Thursday, March 29, 2012

Cursor vs. Multiple hits from the client

I know cursors are controversial and can cause performance, etc. issues.
The question I'm about to pose is because of performance concerns so please
hear me out.
I'm trying to get a better understanding of what the impact of round trips
from the client to the server are, not the impact on the client, but on the
server. If I have a query that returns 30 rows and then each of the 30 rows
needs to have some work done -- that can all be done in SQL Server and
doesn't require any outside resources -- and then have a final result set
returned, am I better off with A or B:
A Call proc1 from client and get 30 rows. Loop on client and make 30
consecutive calls to the server to proc2
B. Have one proc that does cursor over 30 rows and and then processes each
one and then returns final result set
I know an RDBMS isn't designed for procedural stuff and its more efficient
to do conditional and loop processing on a client. But the processing in
this proc is minimal. I can't do a set based solution because I'm working
with possibly locked records that I need to pass over using SET LOCK_TIMEOUT
0 (and I can't use READPAST because its very specific in nature and doesn't
work in this scenario).
So what it boils down to is how do I determine if the network layer/etc.
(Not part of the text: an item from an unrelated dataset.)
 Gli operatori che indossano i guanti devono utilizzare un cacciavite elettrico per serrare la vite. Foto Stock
processing of 30 client requests is more expensive than having a very
minimal cursor (one int column, 30 rows max) and doing looping in the
procedure? I want to answer this question not only for this specific
instance but also to be able intelligently determine it for future cases.
Thanks for any help,
Mike<disclaimer> In general cursors are bad, very bad. That said they are a tool
and every tool has its purpose in life so choose your tools wisely.
</disclaimer>
From what you've described, I'd choose option B. For me, the situation
comes down to answering he question, why incur the added overhead of round
trips to the client, if they are not need? Just ensure that the transaction
scope managed appropriately for your situation and do the work on the
server.
--Brian
(Please reply to the newsgroups only.)
"Mike Jansen" <mjansen_nntp@.mail.com> wrote in message
news:%23pGAbQTuFHA.1132@.TK2MSFTNGP10.phx.gbl...
>I know cursors are controversial and can cause performance, etc. issues.
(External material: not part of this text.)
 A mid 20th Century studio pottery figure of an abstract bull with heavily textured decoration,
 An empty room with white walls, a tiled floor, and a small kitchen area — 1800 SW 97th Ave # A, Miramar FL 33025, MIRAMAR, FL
>The question I'm about to pose is because of performance concerns so please
>hear me out.
> I'm trying to get a better understanding of what the impact of round trips
> from the client to the server are, not the impact on the client, but on
> the server. If I have a query that returns 30 rows and then each of the
> 30 rows needs to have some work done -- that can all be done in SQL Server
> and doesn't require any outside resources -- and then have a final result
> set returned, am I better off with A or B:
> A Call proc1 from client and get 30 rows. Loop on client and make 30
> consecutive calls to the server to proc2
> B. Have one proc that does cursor over 30 rows and and then processes each
> one and then returns final result set
> I know an RDBMS isn't designed for procedural stuff and its more efficient
> to do conditional and loop processing on a client. But the processing in
> this proc is minimal. I can't do a set based solution because I'm working
> with possibly locked records that I need to pass over using SET
> LOCK_TIMEOUT 0 (and I can't use READPAST because its very specific in
> nature and doesn't work in this scenario).
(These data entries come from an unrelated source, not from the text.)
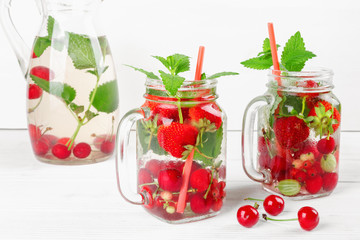 Fresh cool drink of ripe juicy cherry, strawberry, currant and gooseberry berries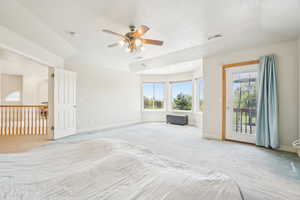 Unfurnished bedroom featuring light carpet, visible vents, access to outside, and multiple windows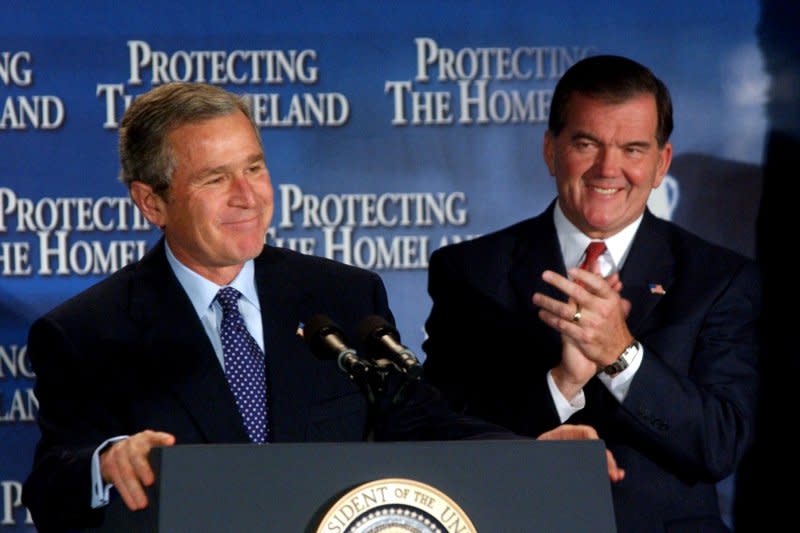 President George W. Bush shares a laugh with Homeland Security Director Tom Ridge on November 12, 2002, one week before Congress voted to create the Cabinet-level Department of Homeland Security. Ridge became the first secretary of the department. File Photo by Michael Kleinfeld/UPI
> So what it boils down to is how do I determine if the network layer/etc.
> processing of 30 client requests is more expensive than having a very
> minimal cursor (one int column, 30 rows max) and doing looping in the
> procedure? I want to answer this question not only for this specific
> instance but also to be able intelligently determine it for future cases.
> Thanks for any help,
> Mike
>|||> B. Have one proc that does cursor over 30 rows and and then processes each
> one and then returns final result set
If you can provide more specific details, I think it is quite possible that
you can remove this requirement of "processes each one" and treat the 30
rows as a set. Eliminating any kind of iteration / looping on both client
and server is really going to speed up this process. With "possibly locked
records" you can either set an isolation level that allows you to wait for
the current locks to be released, and still treat them as a set, or you can
come back to the client and say, couldn't lock all rows, try again. I'm
curious how you are going to handle the case where the fifth row you are
trying to process is locked. You're going to skip past it, and return to
the client, guess what, I updated 29 of 30 rows?
If the cursor really is required (in most cases it's not), then Brian is
right, you are probably better off avoiding the multiple round trips. But
even that is not guaranteed, so it comes down to testing in your actual
environment under realistic load.|||> If you can provide more specific details...
For ludicrous level details see: (make sure to read the quoted text at the
end which is the actual description)
http://groups.google.com/group/micr...1089d9f553f62a2
Yup. Its being used as a work queue. I grab up to 30 "candidate" records
using WITH (NOLOCK) and then SET LOCK_TIMEOUT 0 and use the cursor to
attempt to "grab" each record by updating a status. If I get the lock
timeout error, I just skip it. It will be tried again on a subsequent poll.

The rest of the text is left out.